震源は京都府沖の北緯36.8°、東経135.2°付近、震源の深さ370km、M6.6(気象庁による)。北海道浦幌町で最大震度4を観測した一方、震央付近ではほぼ無感となったという
https://ja.m.wikipedia.org/wiki/%E7%95%B0%E5%B8%B8%E9%9C%87%E5%9F%9F
https://matome.naver.jp/m/odai/2137836692971565601


28日の地震では少なくとも京都府では緊急地震速報は出ませんでしたが関東方面の方は、「はぁ?」となったことでしょう。さらに、震源から距離があることもあり、P波とS波の到着時間の差が大きく、揺れた時間も長かった事でしょう。

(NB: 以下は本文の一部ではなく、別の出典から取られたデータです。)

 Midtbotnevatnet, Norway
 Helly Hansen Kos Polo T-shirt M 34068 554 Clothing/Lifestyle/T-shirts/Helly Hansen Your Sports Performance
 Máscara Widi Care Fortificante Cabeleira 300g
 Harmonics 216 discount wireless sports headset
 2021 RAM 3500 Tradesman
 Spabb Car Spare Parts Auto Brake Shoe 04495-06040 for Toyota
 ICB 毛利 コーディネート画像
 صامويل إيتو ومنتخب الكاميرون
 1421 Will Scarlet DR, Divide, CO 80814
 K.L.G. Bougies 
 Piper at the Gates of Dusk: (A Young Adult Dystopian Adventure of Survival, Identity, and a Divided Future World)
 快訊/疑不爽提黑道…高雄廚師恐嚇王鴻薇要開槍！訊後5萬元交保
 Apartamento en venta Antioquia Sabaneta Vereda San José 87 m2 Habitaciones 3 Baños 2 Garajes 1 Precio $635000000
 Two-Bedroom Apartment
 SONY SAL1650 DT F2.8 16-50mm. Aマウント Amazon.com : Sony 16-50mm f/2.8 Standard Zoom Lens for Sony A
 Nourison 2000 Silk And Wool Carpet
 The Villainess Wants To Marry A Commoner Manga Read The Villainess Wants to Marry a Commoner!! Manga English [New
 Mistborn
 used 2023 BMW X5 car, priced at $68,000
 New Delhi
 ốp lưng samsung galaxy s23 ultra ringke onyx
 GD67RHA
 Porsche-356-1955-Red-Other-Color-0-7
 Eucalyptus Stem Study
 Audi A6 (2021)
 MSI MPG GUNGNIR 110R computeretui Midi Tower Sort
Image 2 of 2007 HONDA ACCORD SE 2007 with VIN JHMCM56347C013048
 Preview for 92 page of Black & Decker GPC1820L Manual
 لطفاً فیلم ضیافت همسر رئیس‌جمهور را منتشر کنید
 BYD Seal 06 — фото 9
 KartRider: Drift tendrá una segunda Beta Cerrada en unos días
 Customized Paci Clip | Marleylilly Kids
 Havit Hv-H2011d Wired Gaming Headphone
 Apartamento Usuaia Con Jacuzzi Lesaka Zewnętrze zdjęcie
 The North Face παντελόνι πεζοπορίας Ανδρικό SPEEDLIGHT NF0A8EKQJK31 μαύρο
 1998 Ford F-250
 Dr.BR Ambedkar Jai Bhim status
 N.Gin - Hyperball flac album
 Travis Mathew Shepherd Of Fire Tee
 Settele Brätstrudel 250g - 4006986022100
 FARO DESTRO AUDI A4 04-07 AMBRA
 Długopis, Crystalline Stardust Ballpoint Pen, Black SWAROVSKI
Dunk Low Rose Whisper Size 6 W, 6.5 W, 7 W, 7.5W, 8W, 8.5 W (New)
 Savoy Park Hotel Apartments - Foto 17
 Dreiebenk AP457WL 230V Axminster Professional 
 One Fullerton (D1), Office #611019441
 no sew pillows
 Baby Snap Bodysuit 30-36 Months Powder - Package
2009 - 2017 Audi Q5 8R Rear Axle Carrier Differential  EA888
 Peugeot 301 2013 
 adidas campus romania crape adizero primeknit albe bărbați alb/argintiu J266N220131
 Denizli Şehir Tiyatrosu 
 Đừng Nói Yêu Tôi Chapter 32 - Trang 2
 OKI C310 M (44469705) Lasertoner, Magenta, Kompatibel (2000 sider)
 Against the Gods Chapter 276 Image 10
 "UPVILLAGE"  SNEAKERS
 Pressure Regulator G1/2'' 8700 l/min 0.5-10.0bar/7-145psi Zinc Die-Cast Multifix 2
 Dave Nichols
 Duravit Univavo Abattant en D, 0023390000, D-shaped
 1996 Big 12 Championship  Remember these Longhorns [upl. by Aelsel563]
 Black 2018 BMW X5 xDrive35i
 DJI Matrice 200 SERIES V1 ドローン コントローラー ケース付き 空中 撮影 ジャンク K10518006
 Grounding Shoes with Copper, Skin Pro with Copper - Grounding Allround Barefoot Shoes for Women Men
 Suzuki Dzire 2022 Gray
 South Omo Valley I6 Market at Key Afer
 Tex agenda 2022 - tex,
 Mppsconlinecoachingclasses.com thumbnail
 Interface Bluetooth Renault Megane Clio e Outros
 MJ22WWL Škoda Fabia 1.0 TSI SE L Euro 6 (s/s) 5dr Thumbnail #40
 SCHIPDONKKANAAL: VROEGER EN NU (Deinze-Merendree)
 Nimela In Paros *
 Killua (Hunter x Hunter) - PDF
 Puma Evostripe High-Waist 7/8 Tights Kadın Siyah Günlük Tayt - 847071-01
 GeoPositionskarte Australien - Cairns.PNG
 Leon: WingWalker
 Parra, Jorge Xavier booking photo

何故こんな現象が起きるのか、今回の地震の特徴も踏まえて考えてみようと思います。

今回の地震の基本情報↓
28日03時31分ころ、地震がありました。
震源地は、三重県南東沖(北緯33.0度、東経137.4度)で、震源の深さは約420km、地震の規模(マグニチュード)は6.5と推定されます。
この地震による津波の心配はありません。

まず、震源がめちゃくちゃ深いんです。これが意味するところは、地表に地震波が伝わる迄にかなり時間がかかるということです。地表に行くまでの長い距離の中で地質が原因で地震波が減衰すると震源の真上であっても揺れません。遠くの関東が揺れたのは、地質により地震波の伝わりやすさが変わったり(プレートに沿って進みやすい)、減衰しやすかったりしにくかったり(硬い地盤は揺れにくいが柔らかい地盤は揺れやすい)ということが原因で近くの揺れにくい地質の場所ではなく、遠くの揺れにくい地質の場所が揺れたと推測されています。

三重県沖というと南海トラフかも!と思ってしまいますが、今回の地震のは震源の深さ的に関係ないとのことです。しかし、地震が起こるということはあのあたりにひずみがあるということなので備えるに越したことはないと思います。